But I think that, looking into that -- and we should look into that, because we looked into that in the case of Ukraine, and we need to be even-handed -- our position should be that Russia is our partner, Russia is interested in preventing violations of export control regimes, Russia has assets for doing that, Belarus has been less transparent than Russia in this sector, and, given the level of integration in those industries, it's reasonable to expect Russia to take the lead in seeking transparency and to answer those questions.
And I believe you heard from -- I don't want to put words in his mouth -- but from Chairman Margelov that Russia would take that request seriously, would take this issue seriously. So that's a positive.
On Russia's strategy to remain a player in the region, I think that is clear in Russia's shift in the fall of 2002 in the terms of that being a player are clear as well. Russia did not lead opposition to the United States on moving forward on a Security Council resolution. Russia did not take a role in ruling out the use of force. Russia followed France. Russia does not want to win the ire of the United States in being the country opposing the United States.
And I think it's also significant that, unlike some of the leaders in Europe, in France and in Germany, the Russian case for going to the U.N. and for seeking compromise has not been cast in anti-American terms. There's been no pressure on the Russian political elite and from the public with anti-American demonstrations or large political movements.

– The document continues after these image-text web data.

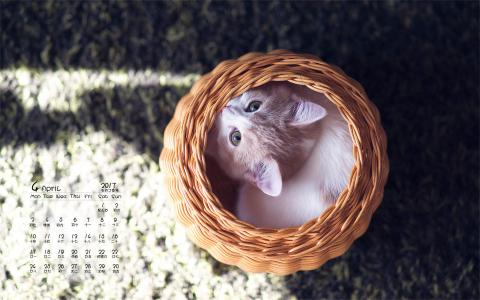 90后性感小猫咪写真第2张
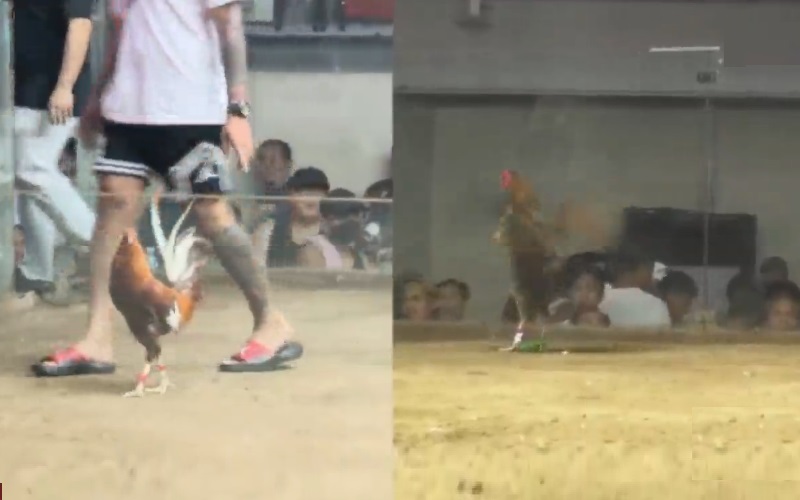 Theo dõi đầu trận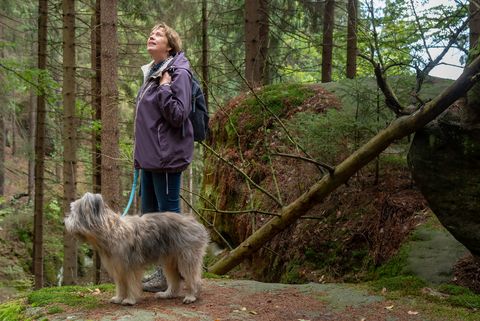 Eine Frau wandert bei Hinterhermsdorf mit einem Hund. Um sie herum sind Felsen und Bäume. 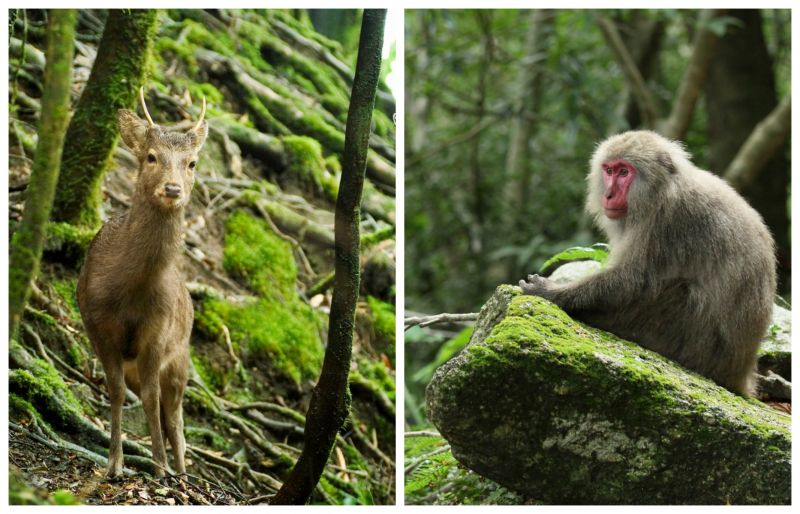 đảo yakushima, kagoshima đảo yakushima, kagoshima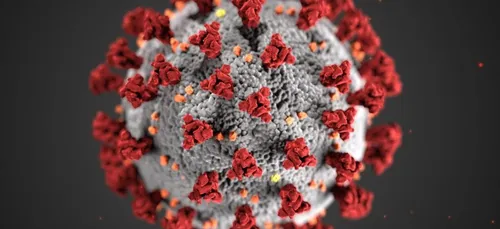 La vague Omicron est-elle en train de faiblir?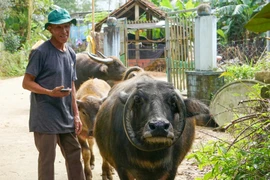 Con trâu độc lạ có cặp sừng hình chữ 'O' gây sốt Đà Nẵng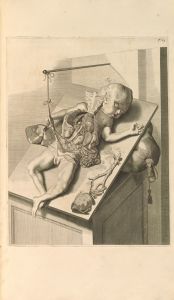 Anatomia humani corporis Pl.064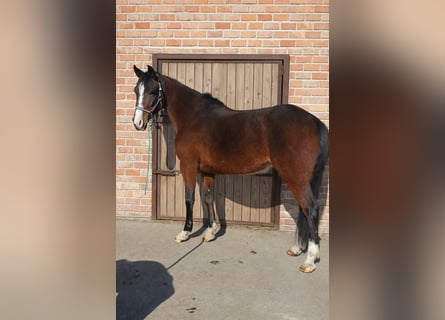 More ponies/small horses, Mare, 5 years, 14.2 hh, Brown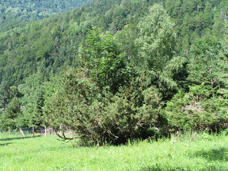 Juniperus species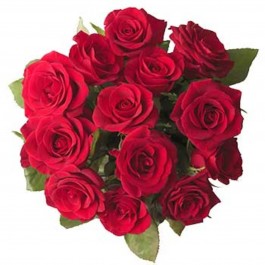 12 red roses without filler, 12 red roses without filler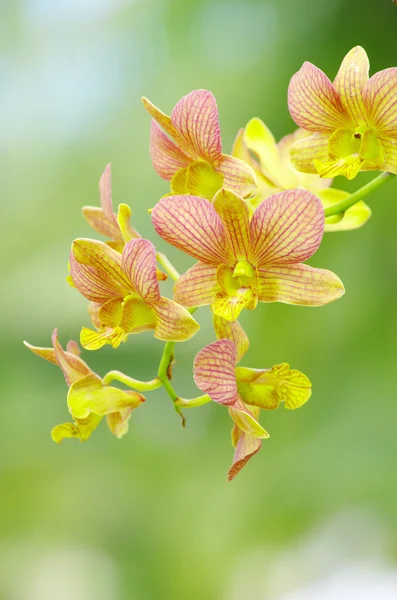 Orchidée sur vert — Photo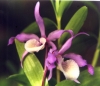 Most viewed Dendrobium2.jpg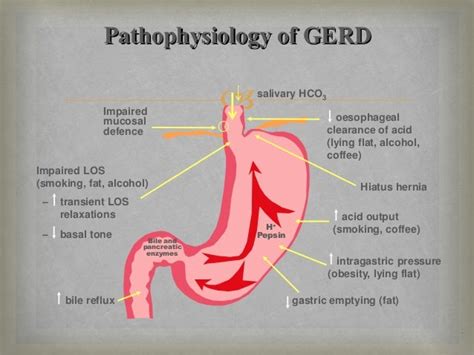 Referrat Gerd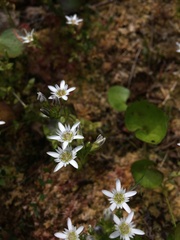 Gentiana douglasiana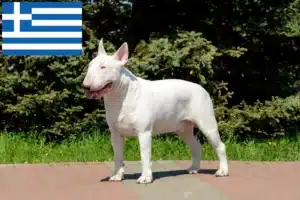 Read more about the article Bullterrier tenyésztők és kölykök Görögországban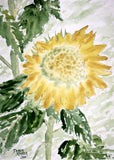 Lone Sunflower close up flower art print watercolor painting sun flowers Sunflower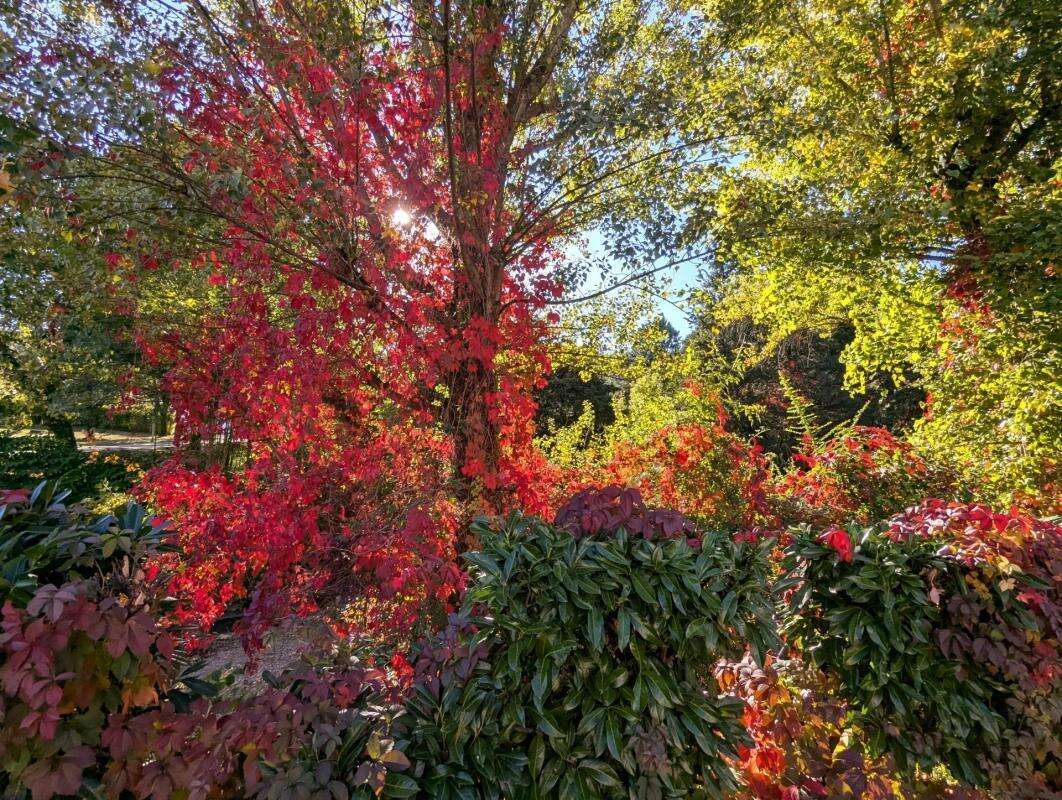 Appartement à LAMALOU-LES-BAINS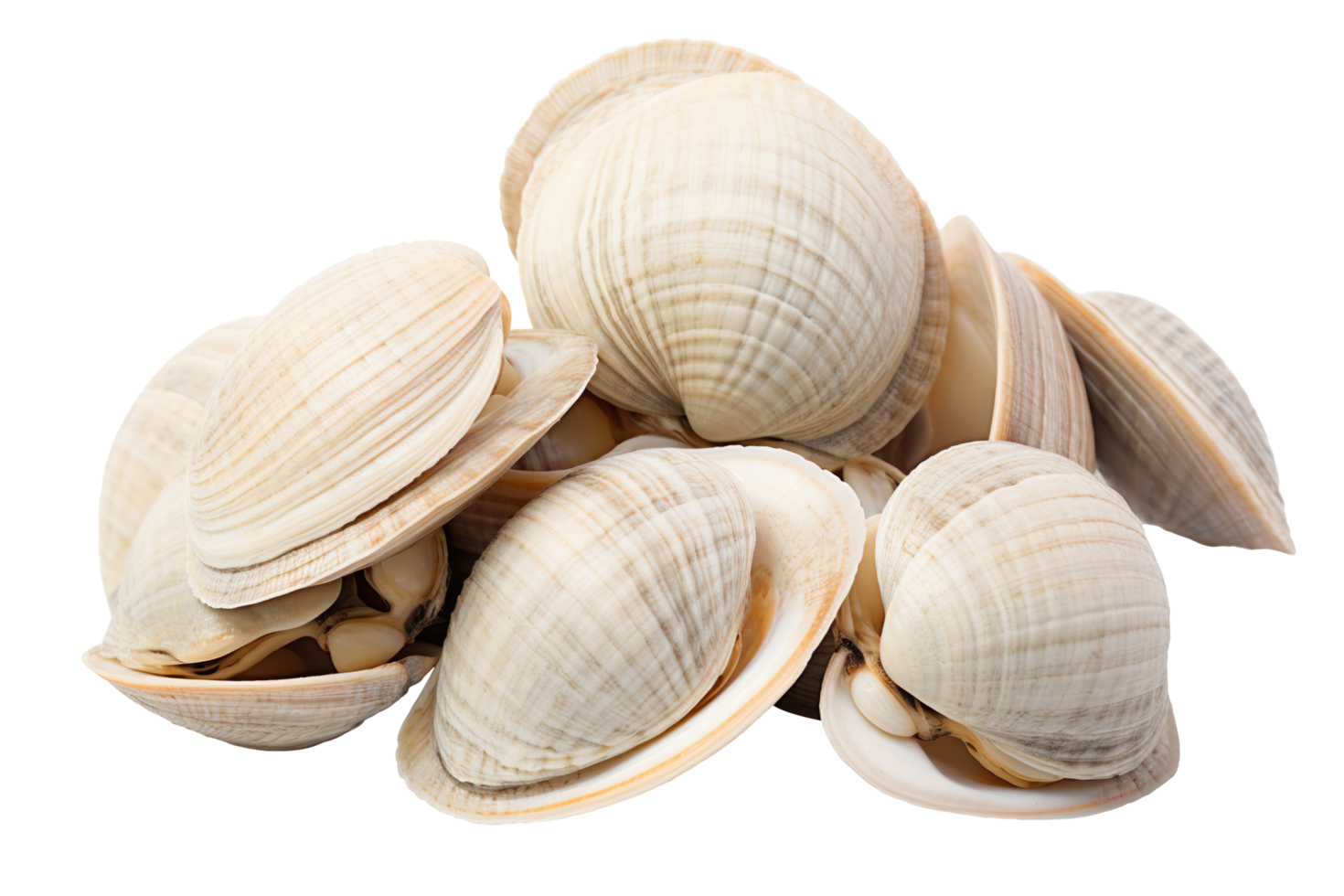 Asari clams isolated on transparent background png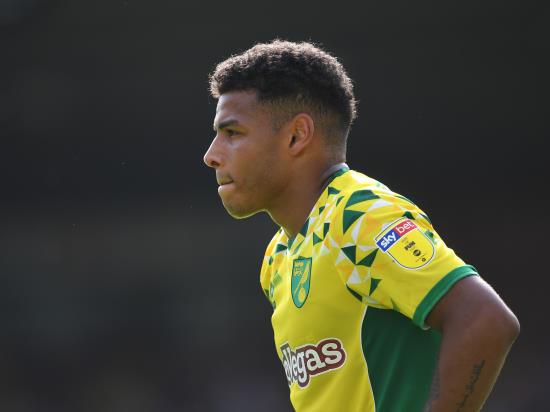 Onel Hernandez returns from injury for Norwich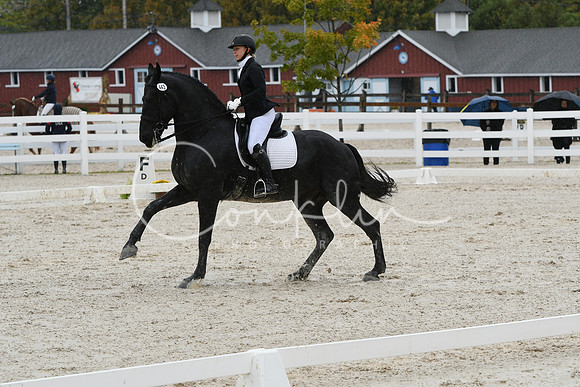 HSM_0433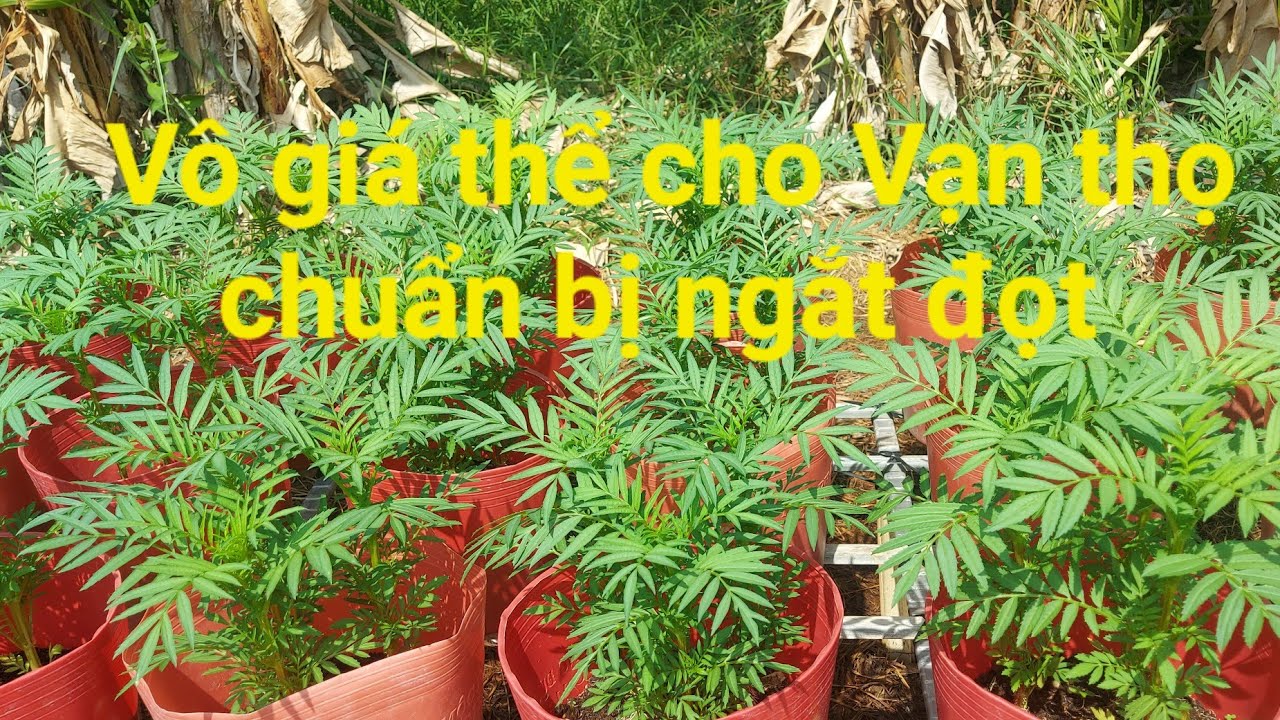 Vô giá thể cho vạn thọ chuẩn bị ngắt đọt và cách ngừa bệnh héo xanh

And I think that that, again, helps us to understand where the Russian political leadership is in trying to play a role. They want to have a say in these kinds of international outcomes and these issues of international law, but they do not claim that the United States views them necessarily illegitimate. And they especially do not rule out the notion of use of force at some point in dealing with these issues. So I think there's plenty for the United States to work with as long as Russia itself plays by the international rules of the game.
Thank you.
MR. RUMER: Mr. Chairman, if I may, I agree with much of what my colleague, Dr. Wallander, said. I don't have any specific information to add to what you said about the letters, although I have to confess that anything you say about the letters, I would believe. It's a country that can defy, unfortunately, our worst expectations.
I think, as Dr. Wallander said, we need to work with the Russians. I think that in the last few months, couple of years, Russian-Belarusan relations have soured quite a bit. And I think the Kremlin has been quite irritated with the Belarusan leader, Lukashenko, and his less than subtle meddling in Russian domestic politics. There is no great enthusiasm for sponsoring his regime in Russia.
I think nothing would embarrass Moscow more today than a revelation that a Russian system was passing through Belarus on the way to some regime that is beyond the bounds of internal Russian law. I think we have a more important ally and constituency to work with in Russia.
This is not to say, as Dr. Wallander said, that this is going to be easy. There are problems. There is a great deal of inertia and a great deal of integration between Russian and Belarusan defense- industrial complexes. And these are people with not a whole lot of scruples, with very powerful incentives to sell.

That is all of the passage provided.